Independent risk factors for mortality in patients who underwent colectomy that have been found consistently among multiple studies include the development of shock, as determined by the need for vasopressors, and increased lactate (≥5 mmol/l), mental status changes, end organ failure, renal failure, and the need for preoperative intubation and ventilation 56.

The above findings suggest that early operative management before the development of shock and organ failure leads to improved survival. Currently, there is no scoring system that creates a threshold for operative management. However, the more negative prognostic signs a patient has, the earlier surgical consultation and operative management should be considered.

The established operative management of severe, complicated Clostridium difficile infection has been subtotal colectomy with end-ileostomy. Survival of patients treated with segmental colectomy were worse than those treated with subtotal colectomy 58, likely because Clostridium difficile infection usually involves the entire colon. Intraoperative assessment of the extent of disease is difficult based upon the external appearance of the colon from the serosal surface.
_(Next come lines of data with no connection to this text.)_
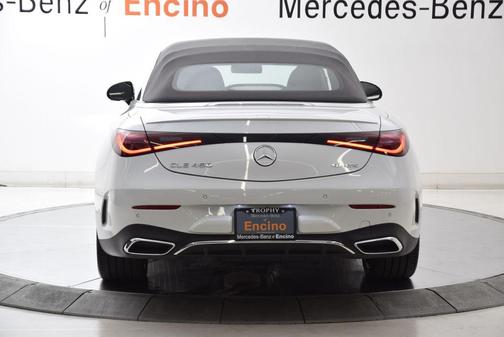 MANUFAKTUR Moonlight White Metallic 2026 Mercedes-Benz CLE 450 4MATIC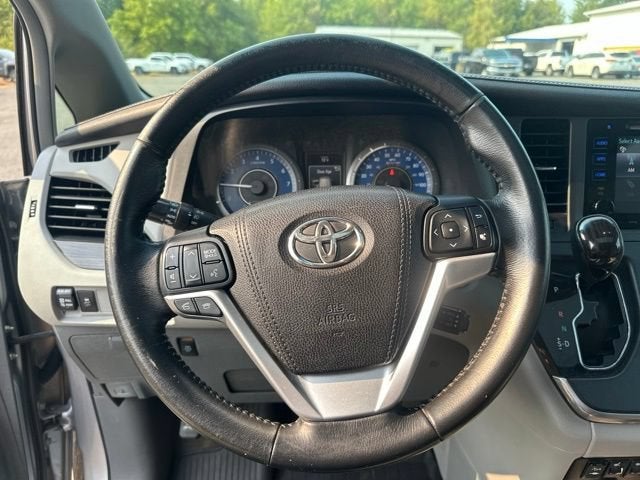 2016 Toyota Sienna XLE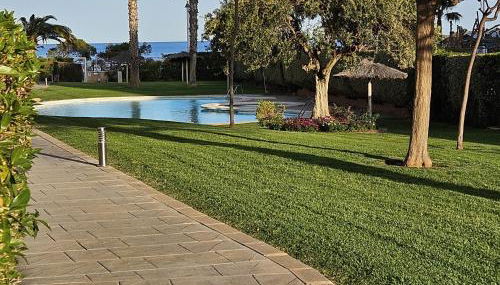 Apartamento con piscina en una preciosa playa - Foto 4, Garden view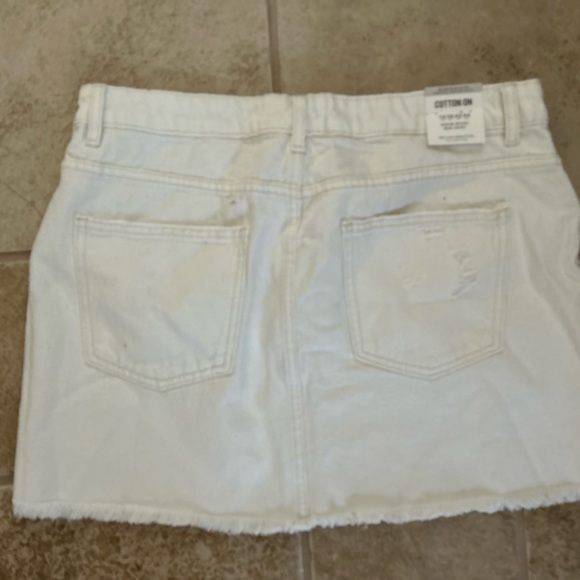 Cotton on size 10, mini skirt - Picture 3 of 4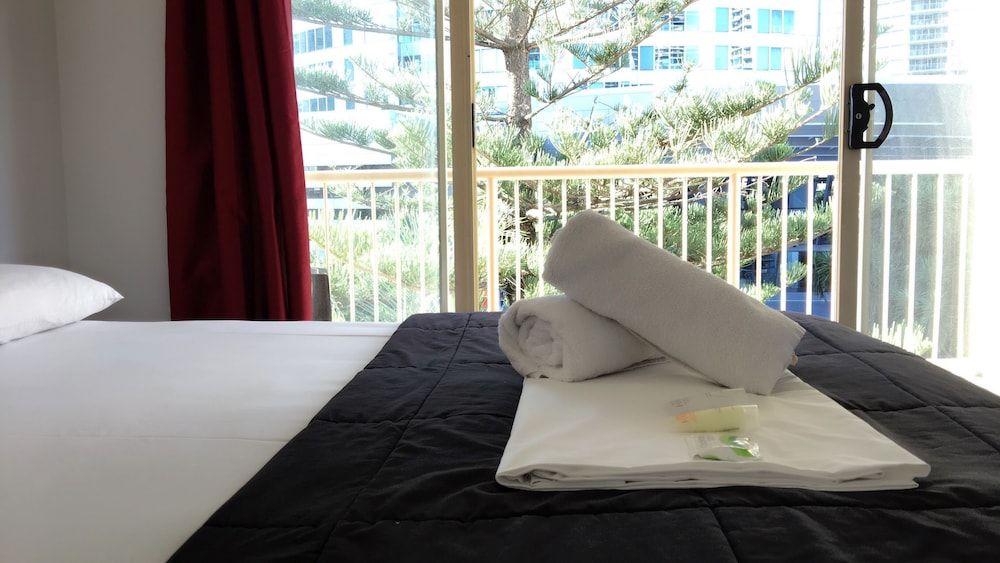 Gold Coast Backpackers - Hostel Standard Double Room, 1 Bedroom, Non Smoking, Balcony 4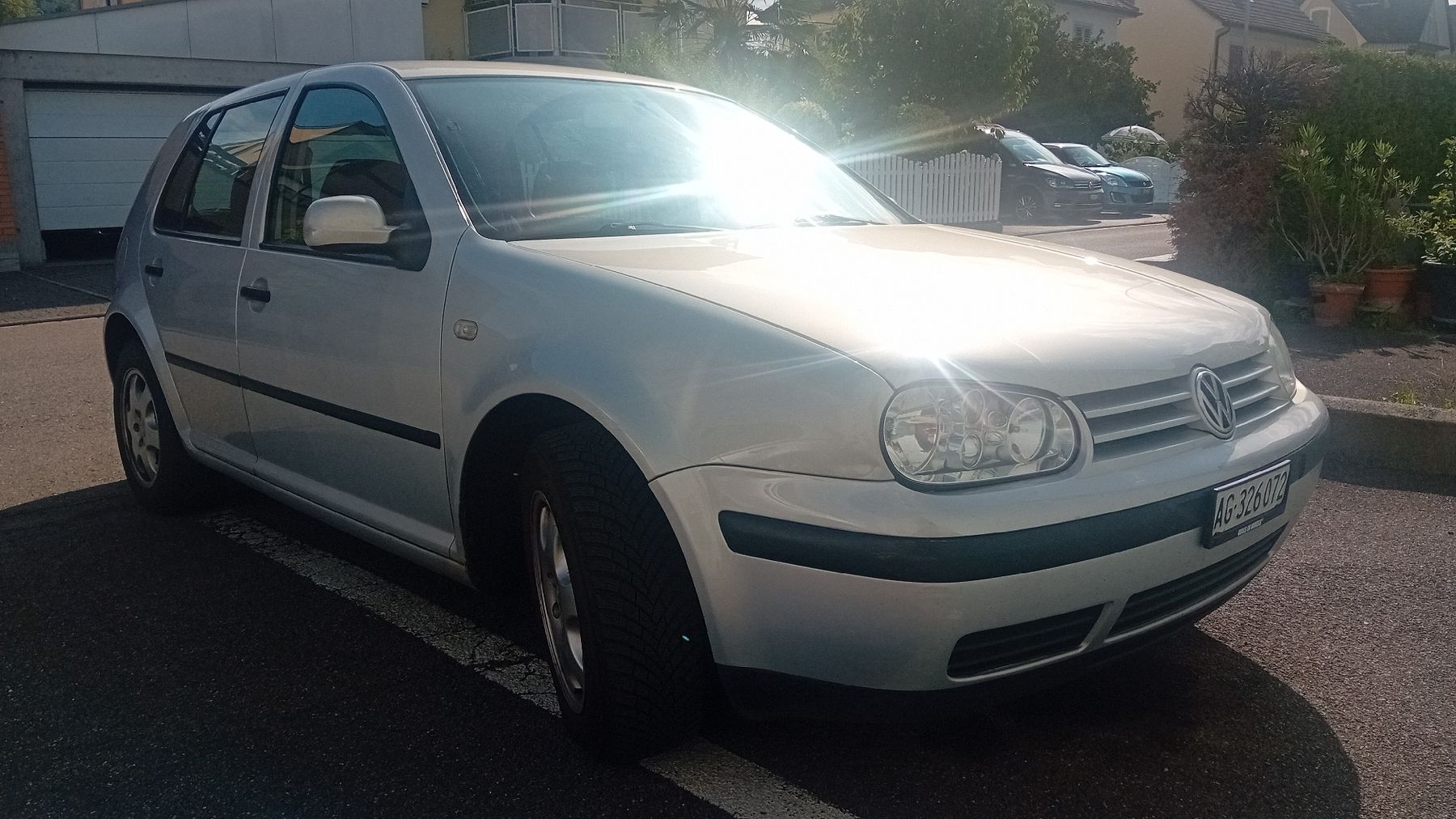 VW Autos: Golf IV ab Platz – D'occasion à Wettingen par Fabio861 1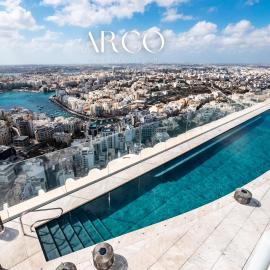 Luxury Little Gem Mercury Tower w Rooftop Pool By Arco Collection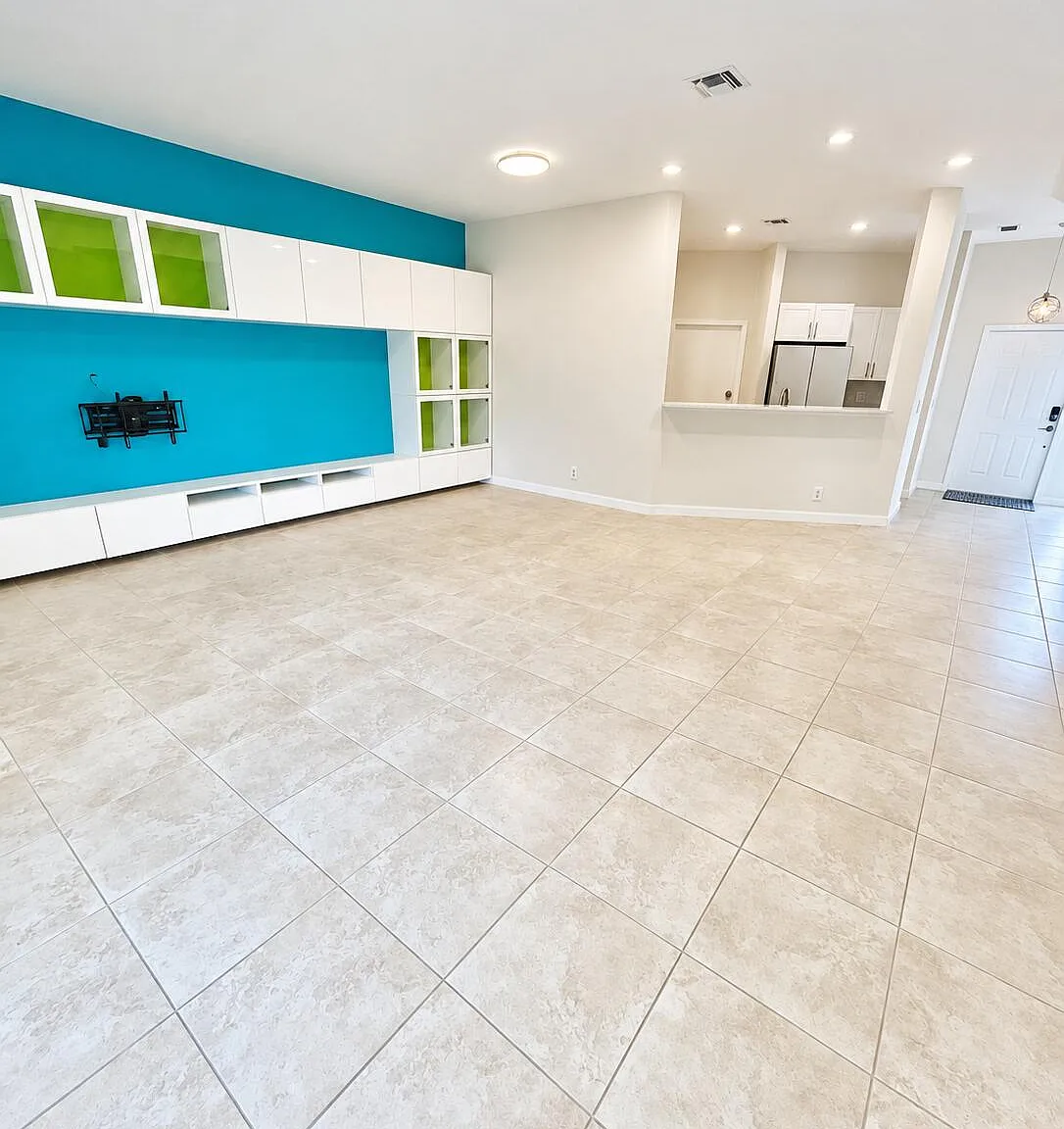 3 bed, 2.5 bath, 2138 sqft, $3,500 — Photo 4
Although some series have reported perforation or infarction of the colon to be common findings at the time of surgery, colonic necrosis and perforation are not inherent to the disease process 59; they likely result from the development of shock with secondary non-occlusive ischemia and the use of vasopressors or when abdominal compartment syndrome develops and compromises colonic perfusion.
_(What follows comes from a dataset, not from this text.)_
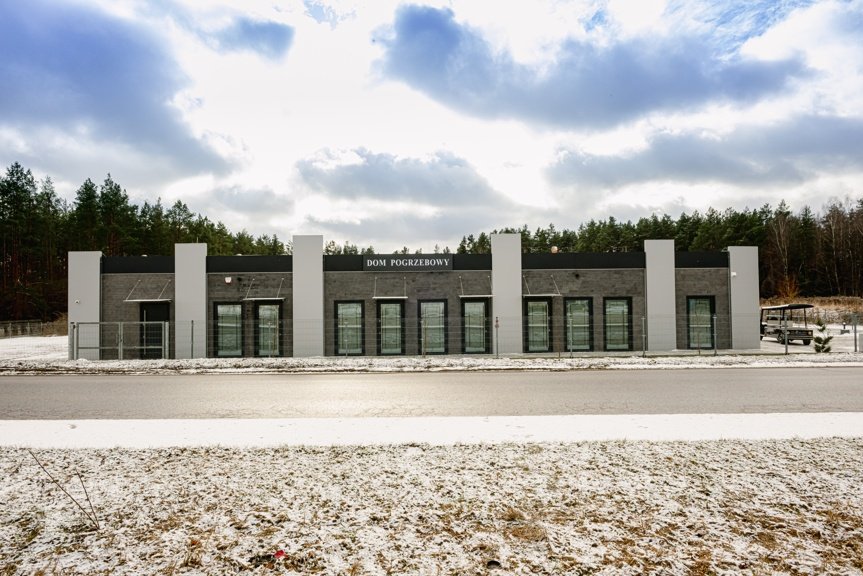 nowoczesny dom pogrzebowy z Olsztyna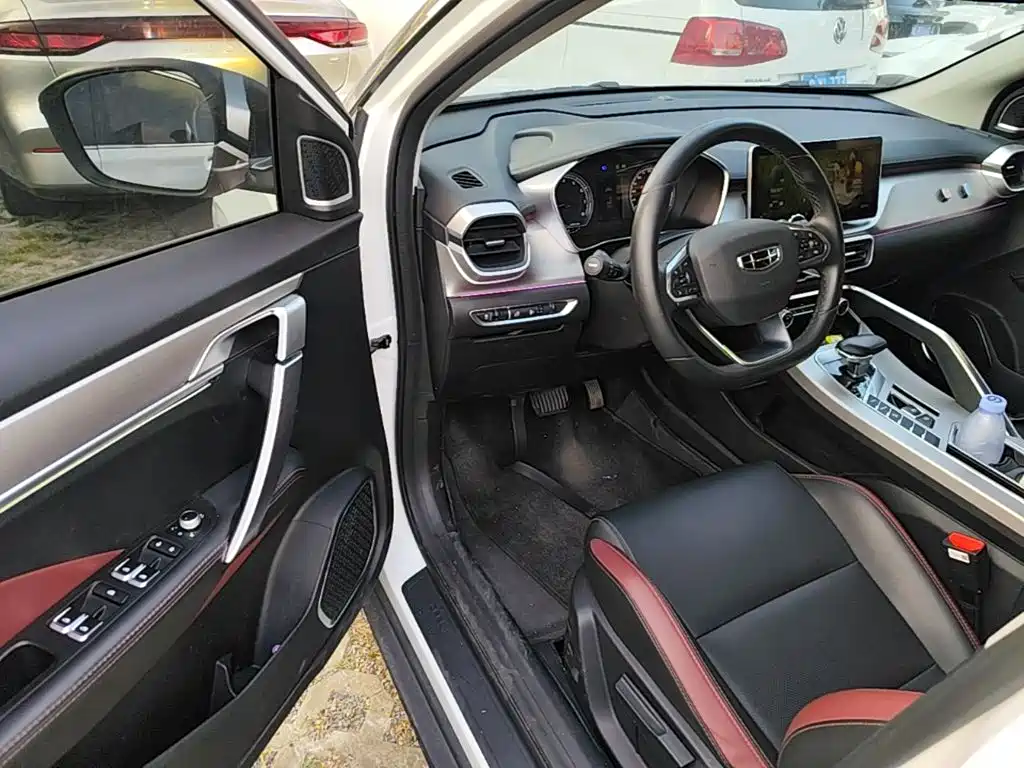 Geely Binyue — миниатюра 16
Interest has developed in early operative management other than colon resection given that the colon is most often viable at this stage without perforation 60. A recent case-controlled series demonstrated that loop ileostomy with intraoperative colon lavage with polyethylene glycol 3350/balanced electrolyte solution and post-operative antegrade colonic vancomycin flushes via the ileostomy led to colon preservation in over 90% of patients and had significantly improved survival compared with historical controls who had undergone colectomy (19% vs. 50% mortality) 60. Over 80% of cases were performed using a minimally invasive surgical approach, and a majority of patients who were followed long term had restoration of gastrointestinal continuity. Advantages of this approach are the potential willingness to utilize this treatment earlier in the course of disease based upon potential preservation of the colon and fewer long-term adverse consequences. Further validation of this approach is required.